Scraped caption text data
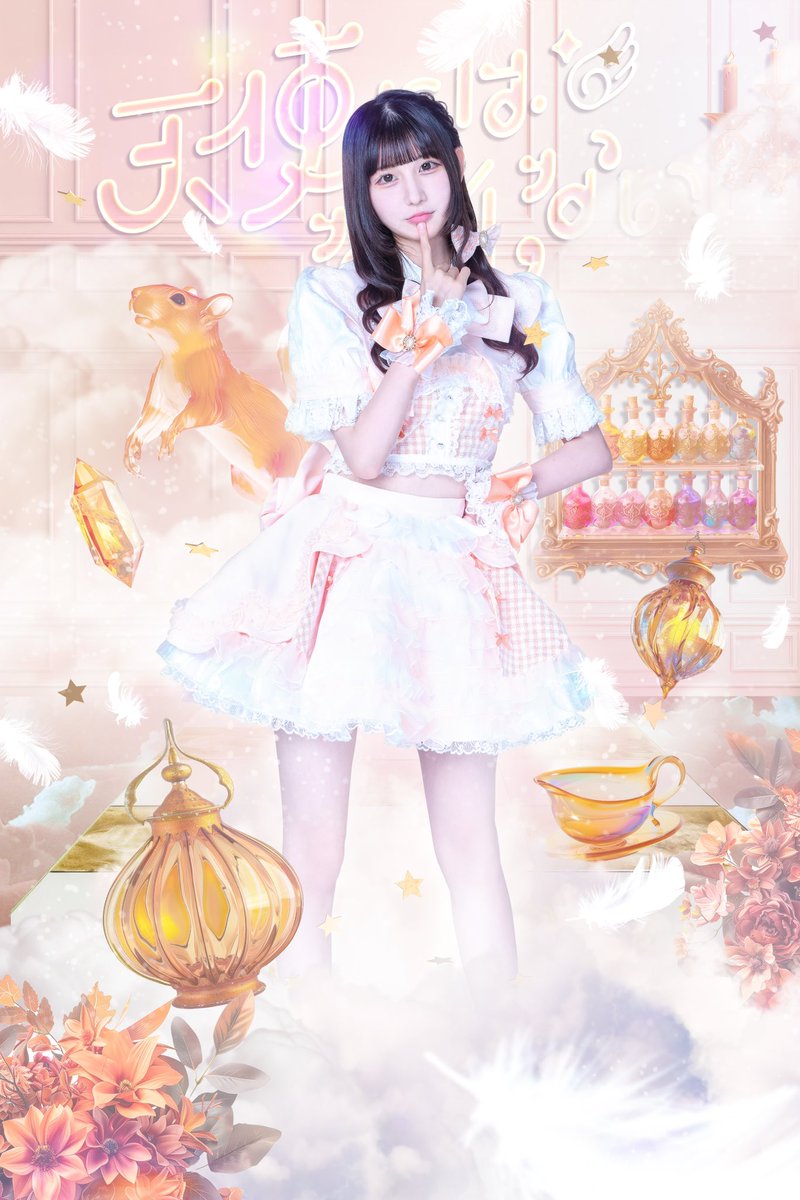 calresofficial's tweet photo. 【新メンバー公開】

·̩͙꒰ঌ澄麗ありあ（@aria_tenhana）
·̩͙꒰ঌ担当カラー オレンジ
·̩͙꒰ঌ君の元へ届け、ありあの旋律♪

オレンジの歌姫加入🎤🧡
｢君の毎日彩りたい！」

#天使にはなれない  #てんはな https://t.co/61OFTDM30I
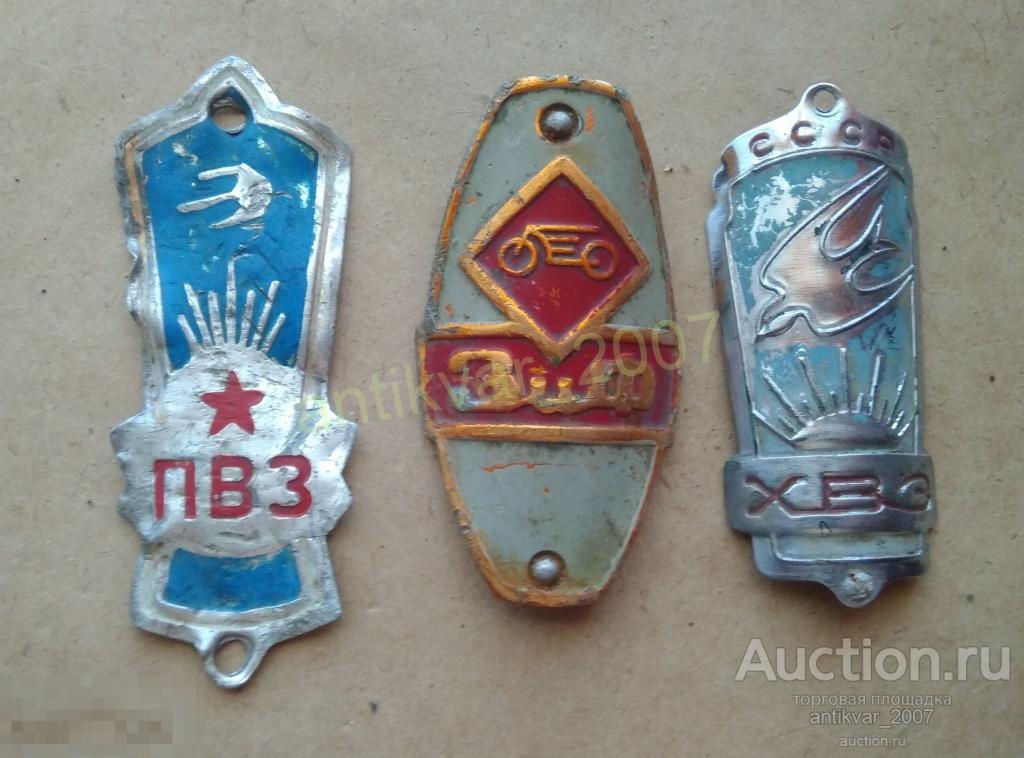 Таблички от велосипедов, шилд велосипедный 3 шт. ХВЗ - ПВЗ- ЗИФ 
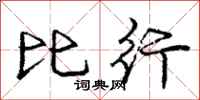 龐中華比行行書怎么寫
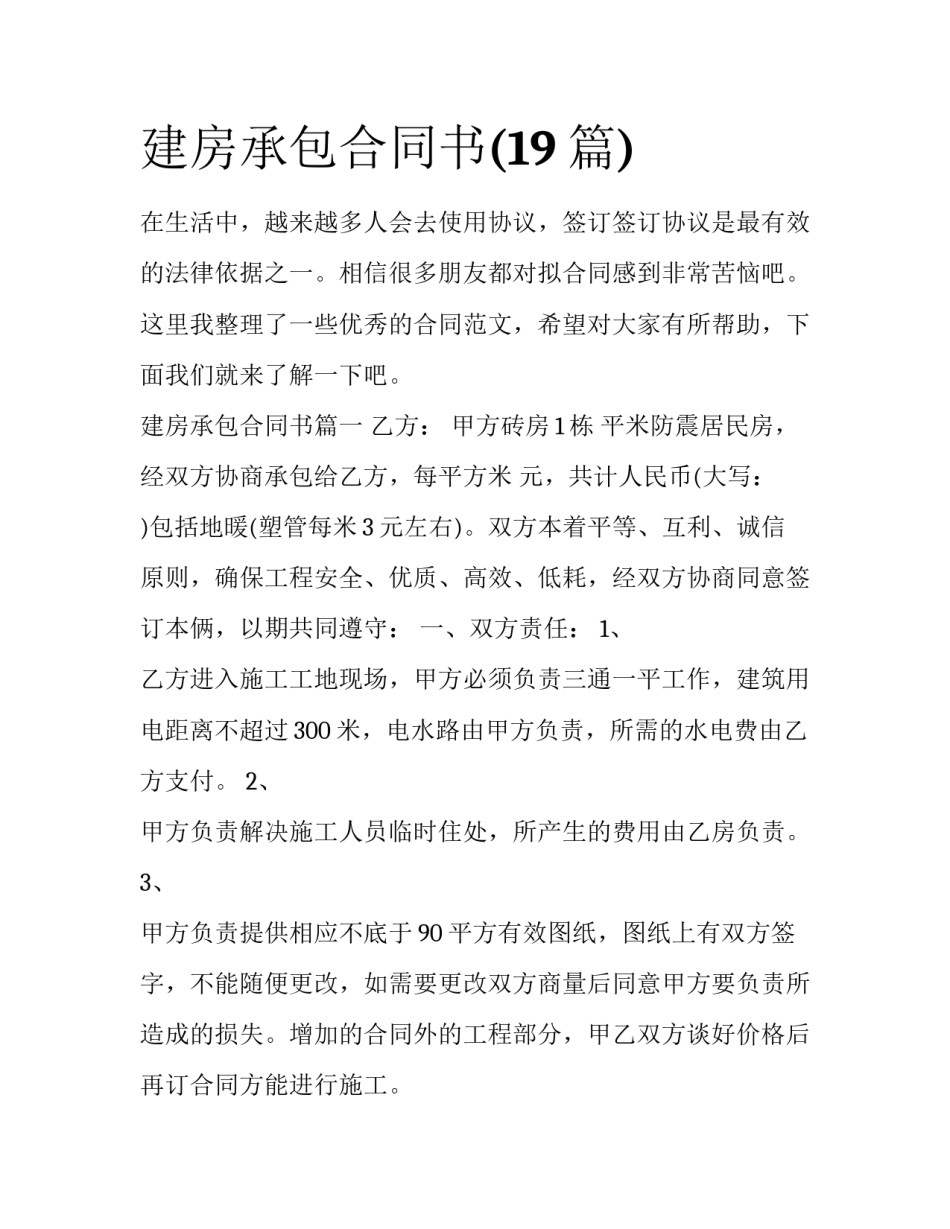建房承包合同书(19篇)_第1页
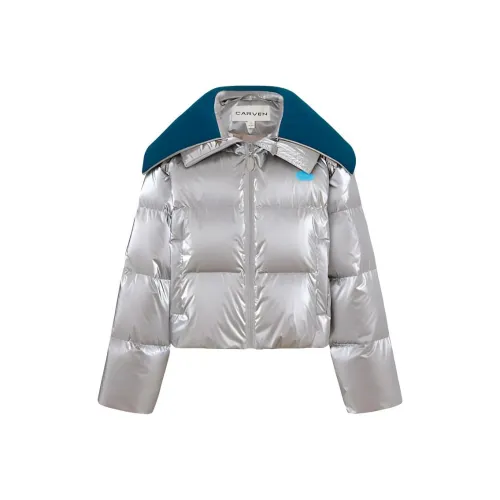 Carven Серебристо-серые Женские Пуховики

> [Problem to work on] Repeat the entries exactly. Any picture is to be left out.

> [Solution for this task]
 calresofficial's tweet photo. 【新メンバー公開】

·̩͙꒰ঌ澄麗ありあ（@aria_tenhana）
·̩͙꒰ঌ担当カラー オレンジ
·̩͙꒰ঌ君の元へ届け、ありあの旋律♪

オレンジの歌姫加入🎤🧡
｢君の毎日彩りたい！」

#天使にはなれない  #てんはな https://t.co/61OFTDM30I
 Таблички от велосипедов, шилд велосипедный 3 шт. ХВЗ - ПВЗ- ЗИФ 
 龐中華比行行書怎么寫
建房承包合同书(19篇)_第1页
 Carven Серебристо-серые Женские Пуховики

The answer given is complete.